### TASK OBJECTIVE
Below, find the line containing "Si può portare" and the line containing "Продаю | Куры | Бойцовая | Для разведения"; reproduce exactly those two and every line between them, omitting pictures.

### DATA
===

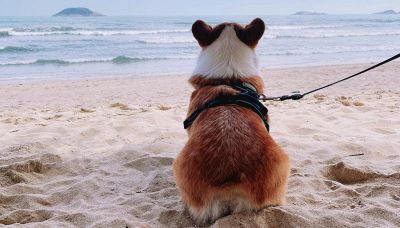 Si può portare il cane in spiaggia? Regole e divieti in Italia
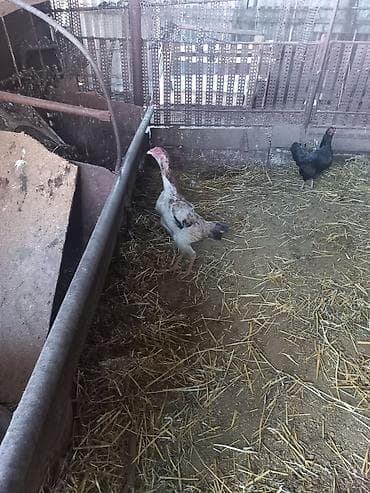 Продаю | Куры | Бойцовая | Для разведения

===

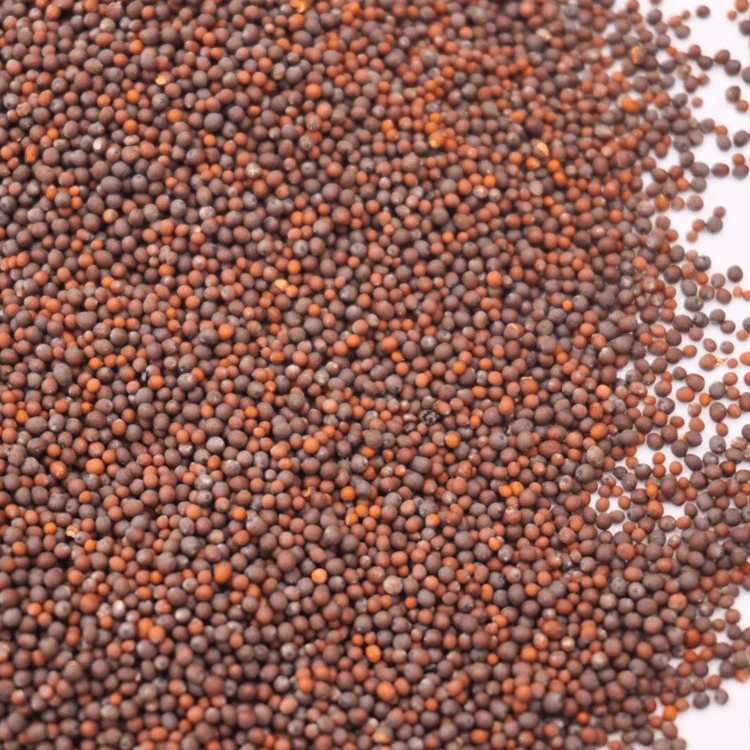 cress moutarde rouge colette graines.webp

===

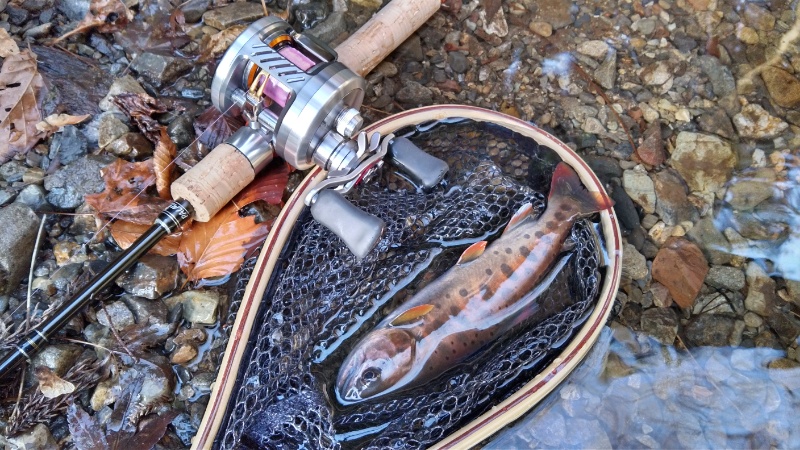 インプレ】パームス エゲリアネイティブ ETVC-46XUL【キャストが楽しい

===

### EXERCISE SOLUTION
 Si può portare il cane in spiaggia? Regole e divieti in Italia
 Продаю | Куры | Бойцовая | Для разведения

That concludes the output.